Looking for a job can be a lonely process. The inevitable setbacks that occur (the botched interviews, the rejections) can seem that much more daunting when there’s no one to commiserate with.
A graduate job search, though, doesn’t have to feel so isolating. What if, instead of trudging through the process by yourself, you had a team behind you going through the very same experiences?
That’s the idea behind the career sprints run by Babson’s Graduate Center for Career Development. Students are organized into teams of about a half a dozen, and they meet online weekly, together with an advisor, to share their ups and downs and discuss strategies for landing jobs and internships.
“Not hearing back from an employer can feel lonely,” says Padraig Duna MBA’21, “but a group of people working together to achieve individual goals—it was almost like career therapy.” Joshua Pozner MBA’20 agrees. “That was the most valuable part of it, the camaraderie, the knowing you’re not going through this alone,” he says.
The career sprints were launched in March. They have been popular, with more than 90 students organized into 18 sprints.

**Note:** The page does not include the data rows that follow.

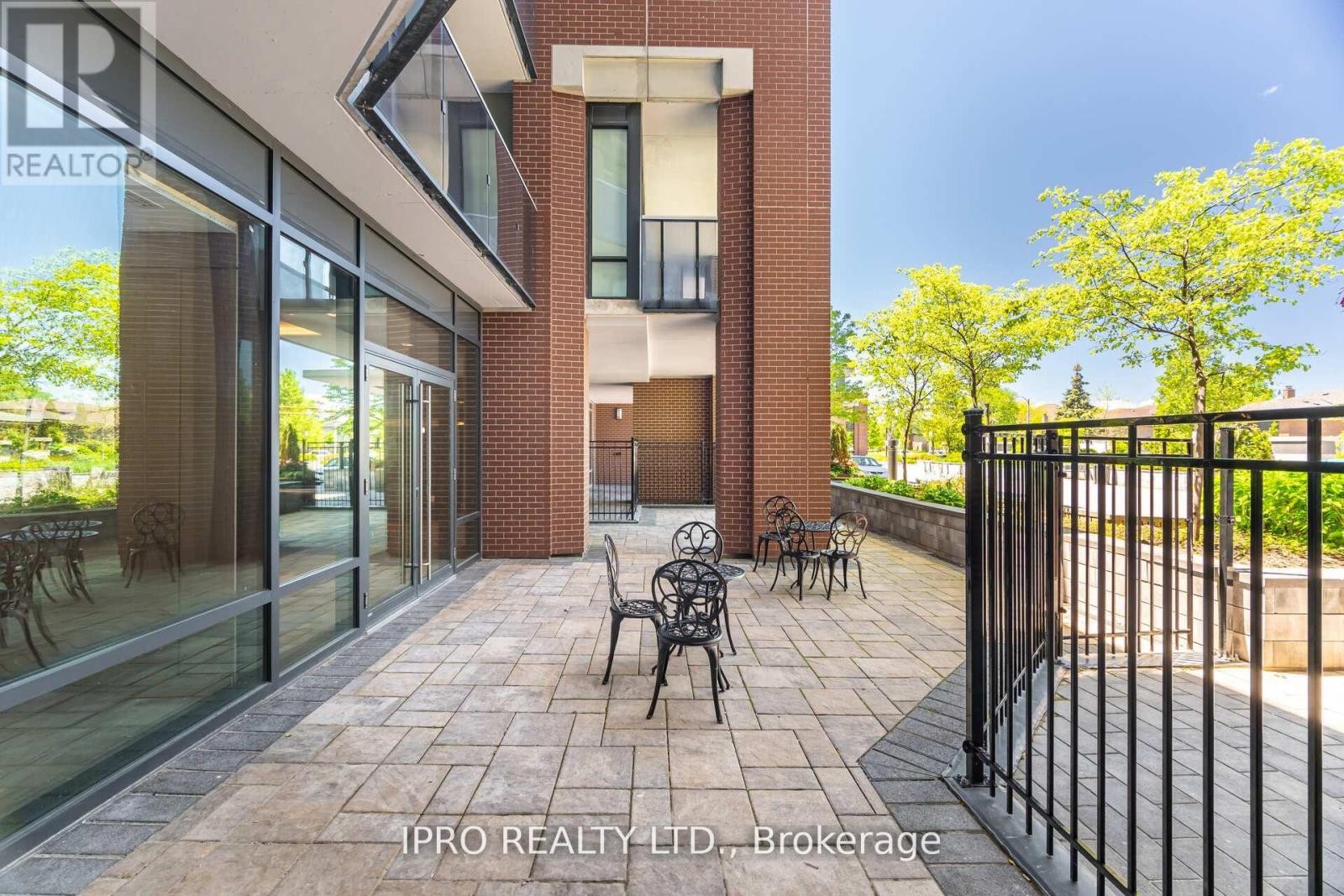 












UNIT #327 - 4800 HIGHWAY #7 ROAD

,
Vaughan (East Woodbridge),




Ontario
L4L1H8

They’ve also proven effective, with participants landing positions despite the tough job market. “It has been such a hit,” says Cheri Paulson, senior director of the Graduate Center for Career Development. “There are many stories of success.”

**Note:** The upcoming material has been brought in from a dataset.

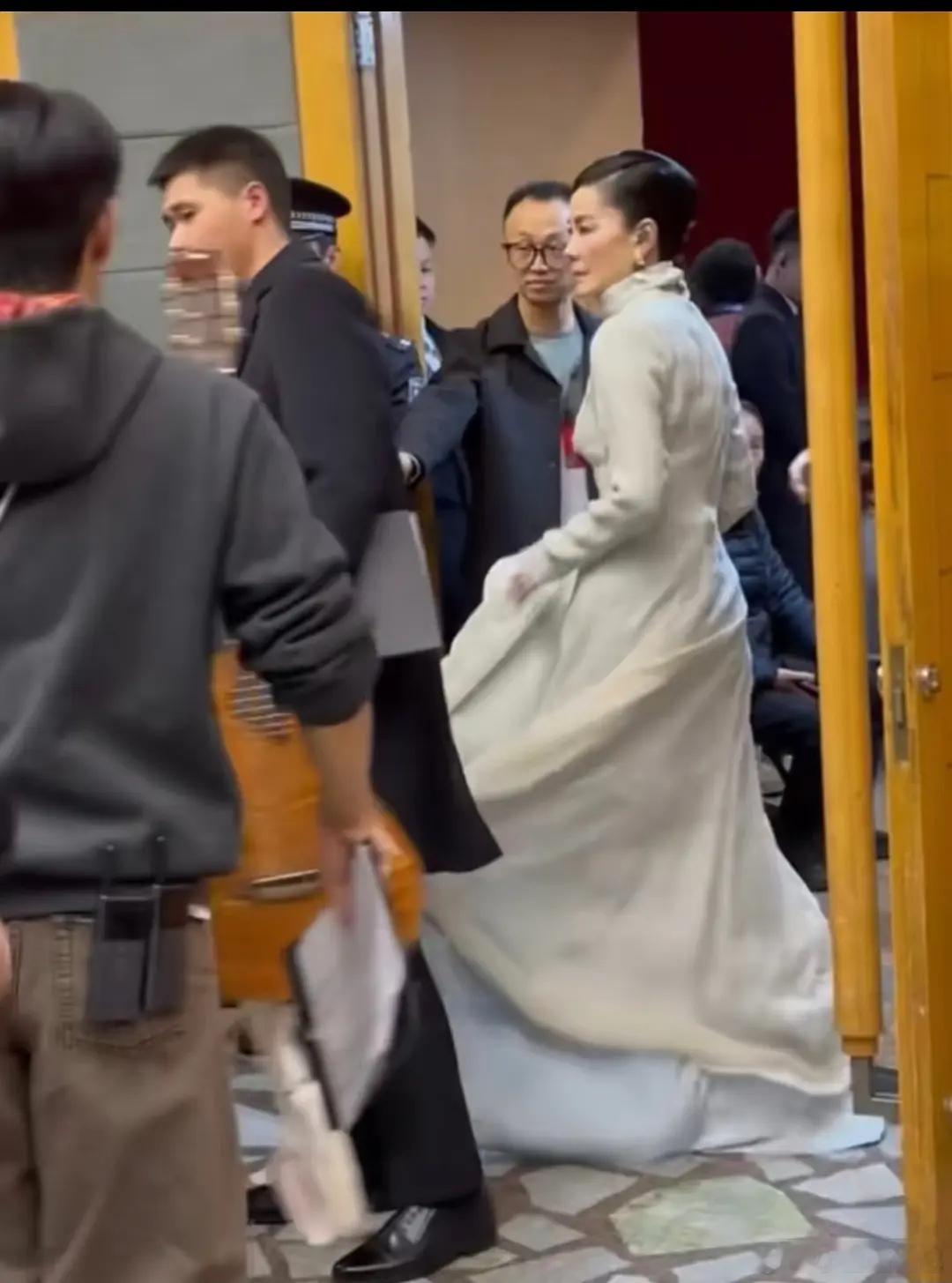 全网找不出第二个了吧，王菲平时神隐拒一切，为何唯独接下春晚舞台？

Lakshita Gupta MBA’21 knows how tough the job market is. She had been hoping to land an internship for the summer. “Finding a summer opportunity during these pandemic times posed many challenges,” she says. The situation took a toll. “The uncertainty due to the pandemic caused a lot of anxiety,” she admits.

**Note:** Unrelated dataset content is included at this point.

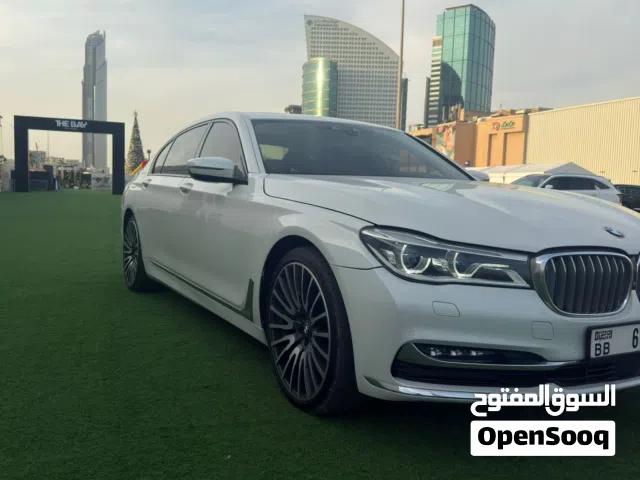 BMW  750 LI  GCC clean perfect condition high end luxury. Personnel used. As 2nd. Car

Pozner already had put a lot of effort into his job search when the pandemic hit. “All the work I had done fizzled out. I wasn’t having satisfying answers from recruiters. I felt like I was starting from scratch,” he says. “I needed some help.”
More than help with finding opportunities, Pozner wanted to take a look at his skills. Did he have the knowledge that was needed in the marketplace? “I wanted to take a step back and see if I was putting myself in the best position to find employment,” he says.
“Not hearing back from an employer can feel lonely, but a group of people working together to achieve individual goals—it was almost like career therapy.”
Padraig Duna MBA’21
The sprints are able to help with all of these needs and more. Advisors go through a slew of tangible topics with the groups: honing networking pitches, practicing interviewing, finetuning resumes and LinkedIn profiles, assessing skill sets, and reaching out to companies.
Each week, participants were tasked with specific assignments related to their job search, and they then reported on their progress to the group the following week. “In a way, it is an accountability system,” says Alen Mercader MSEL’20. “We are motivated to work on our assignments and tasks because we are accountable to one another.”
In his sprint, Pozner says the group members were uneasy at first, unsure about the economy and what the future held. But, as the weeks went by and as they took critical steps to work on their career paths, the group gained confidence. They fed off each other’s triumphs, both big and small. “The mood definitely improved,” he says. “Sharing success stories helped everybody.”
Participants in the sprints definitely have many successes to share. Mercader accepted a post-grad fellowship, and Pozner landed an internship with Dronegenuity, a drone services company founded by Dan Edmonson MBA’15. Dronegenuity has offered positions to many Babson graduate students, including Erik Steiner MBA’20.
Duna and Gupta also landed internships. “Joining the career sprints was one of the most valuable experiences I’ve had at Babson so far,” says Gupta. “I landed my dream internship with a great startup in Boston.”